Initial reports suggested a workplace dispute was the motive. The day after the attack, a counter-terrorism investigation was opened, looking into whether the attacker was a radicalised Islamist and the possibility that he may have been in contact with or received support from any terrorist groups. The perpetrator had converted to Islam; according to Paris prosecutor Jean-François Ricard his conversion to Islam took place a decade prior. He attended mosque rituals twice a day. Colleagues had reported Harpon in 2015 for voicing support for the attack on Charlie Hebdo; nothing was done.

The counter-terrorism head said that the attacker had radical and extremist religious views, that started when he justified some violent acts with an Islamist background, stopped wearing Western clothes and to not talking to women excluding those of his family. Ties between Harpon and Salafist men were also confirmed. Before starting the attack, Harpon communicated with his wife, and they exchanged a total of 33 messages. Among those, Harpon wrote "Allah Akbar" and "Follow our much-loved Prophet Muhammad, and meditate on the Quran".

A USB flash drive was found at Harpon's office: propaganda material from the Islamic State of Iraq and the Levant, including beheading videos, and details of police officers who worked with him were found inside it. Officers investigated possible links with the 2016 Magnanville stabbing, in which two police officers were killed at their home by Larossi Abballa, an Islamist who pledged allegiance to the Islamic State. Investigation of Harpon's computer and phone revealed that he searched the internet for "how to kill infidels" shortly before the attack.

Five people linked to the attacker were arrested on 14 October 2019. Among those five was an imam listed in the Fiche S, a list of individuals deemed potential security threats.

France Inter reported in October 2019 that the investigators suspected that the attack was the result of a suicidal delirium, and that the ISIL videos on the USB drive found at Harpon's office belonged to his coworkers. In February 2020 Le Parisien reported that technical investigation of Harpon's private computer and cellphone confirmed that the attack was terrorist in nature and that sources close to the investigation described a "hybrid profile" of terrorism and psychiatric issues.
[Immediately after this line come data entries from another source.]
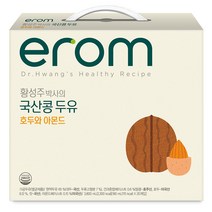 이롬 황성주 국산콩 두유 호두와 아몬드, 190ml, 20개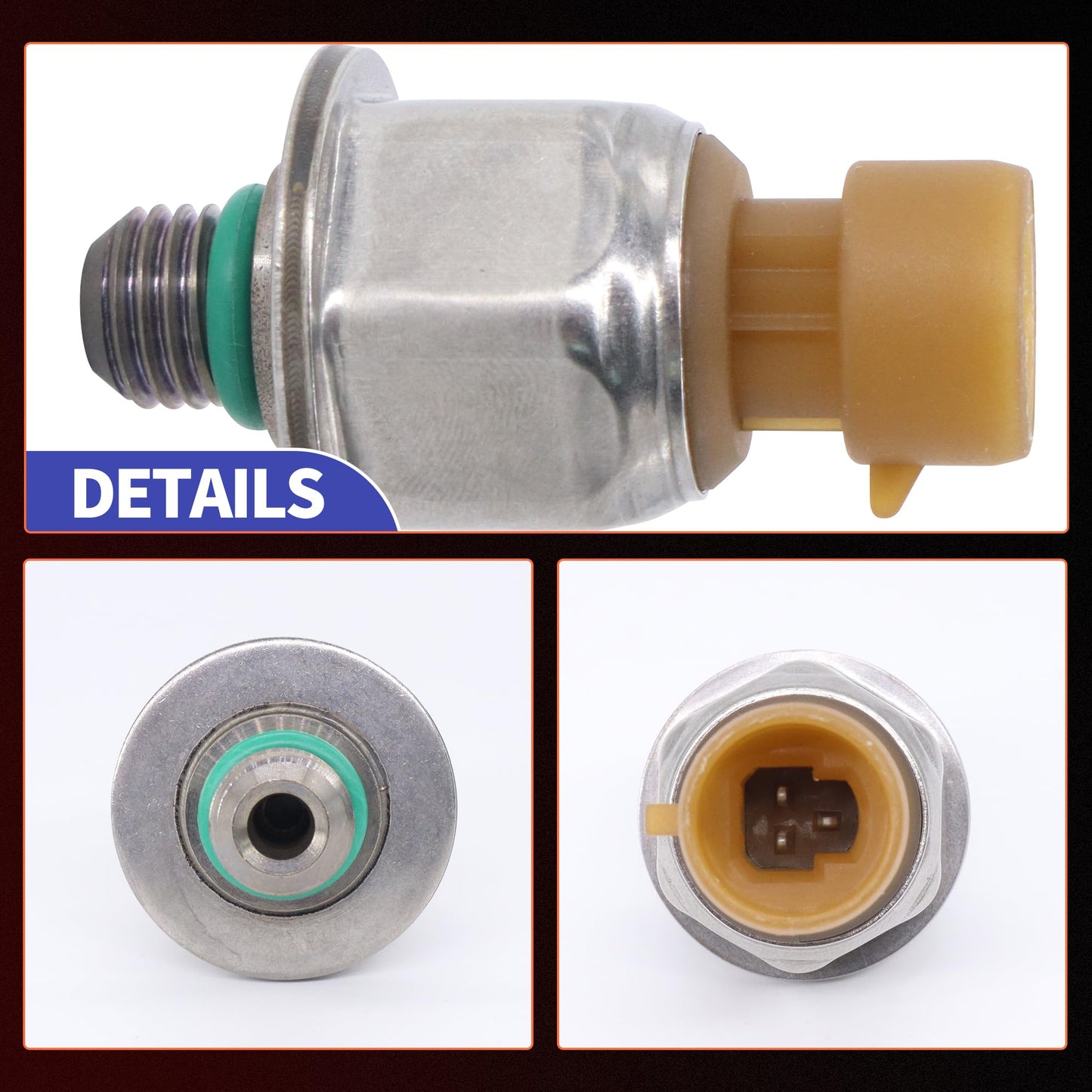 HiSport Injection Control Pressure Sensor 6.0L - Compatible with Ford E-350 E-450 Super Duty 2004-2010 F-250 F-350 F-450 Super Duty F-550 2003-2007 E-350 Club Wagon 2004-2005 - Replace 1845428C92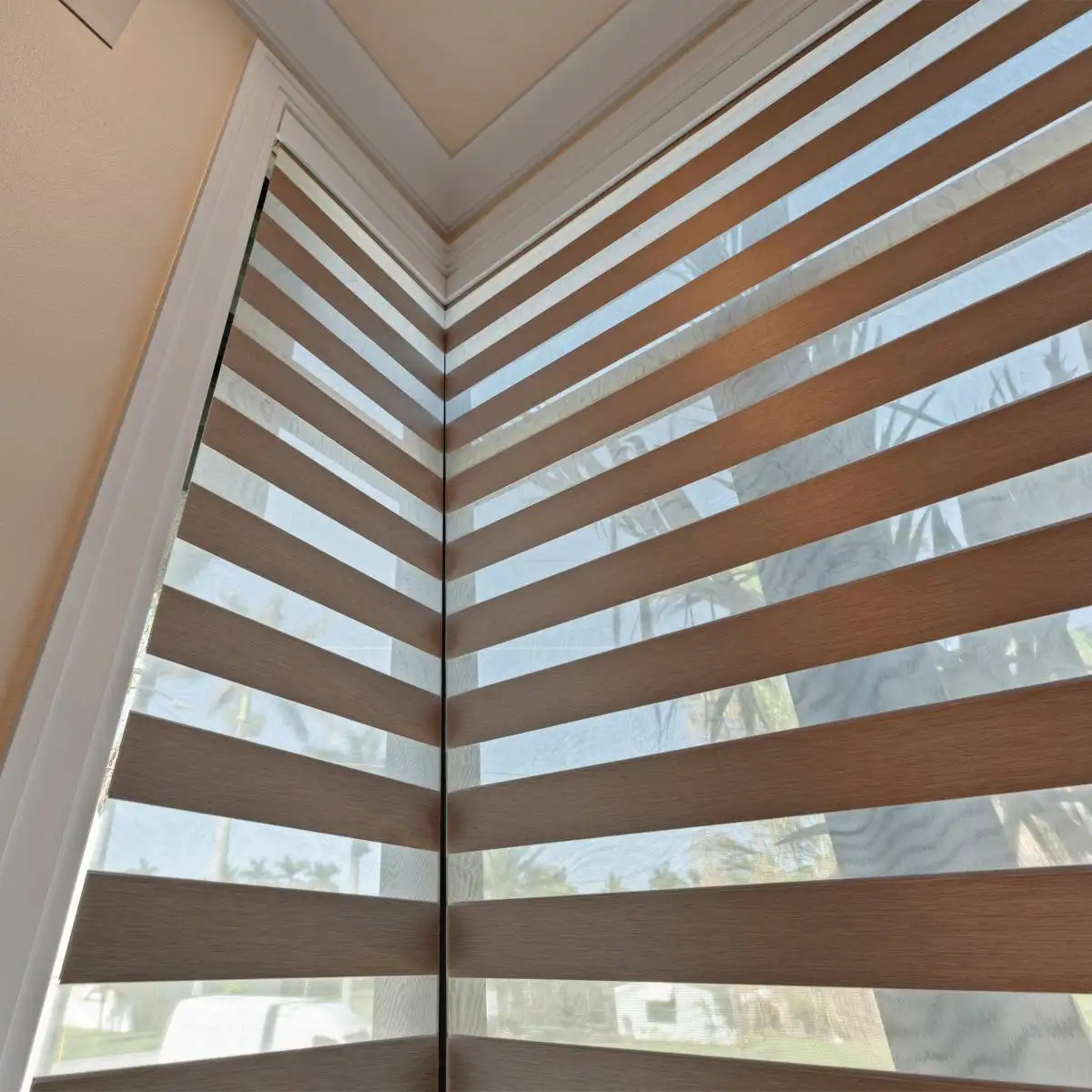 Zero Corner Bedroom Open Opaque Close Up Ev Blinds Treatment Store 1200x1200px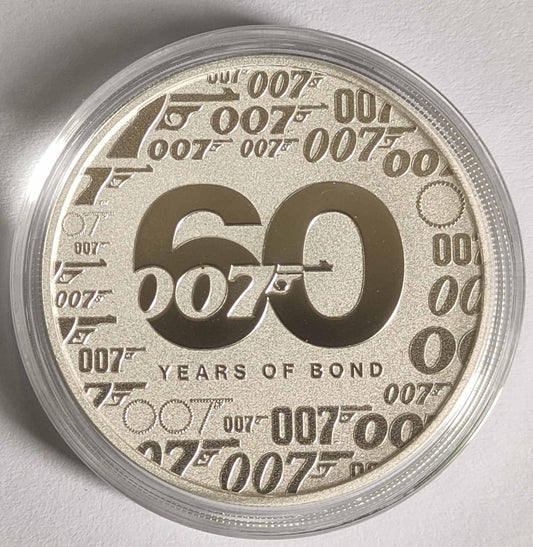 2022 60 Years of James Bond 007 1 oz Silver Coin BU in Capsule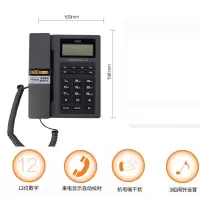 得力(deli)0774电话机(金属灰)一个装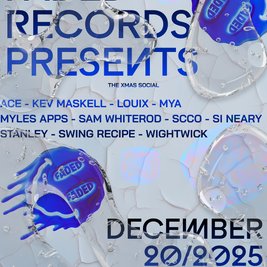 Faded Records presents: The Xmas social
Europol classified the attack as jihadist terrorism in their annual EU Terrorism Situation and Trend report (TE-SAT) released in June 2020.

== Political reaction ==
Following the incident, the police headquarters building was visited by President Emmanuel Macron, Prime Minister Édouard Philippe, Interior Minister Christophe Castaner and Paris Mayor Anne Hidalgo. The Île de la Cité was placed under a lockdown and the Cité station of the Paris Metro, located on the island, was closed to passengers. Minister of the Interior Christophe Castaner faced calls to resign, which he rejected.

Castaner received calls for his resignation from numerous prominent politicians from the entire spectrum from the extreme left to the extreme right. Castaner had said in a press conference that the attacker had never shown any conspicuous behaviour. A day after this statement, when it became public that his coworkers had filed a complaint and that there was no investigation, Castaner said there were "malfunctions" that failed to prevent the attack.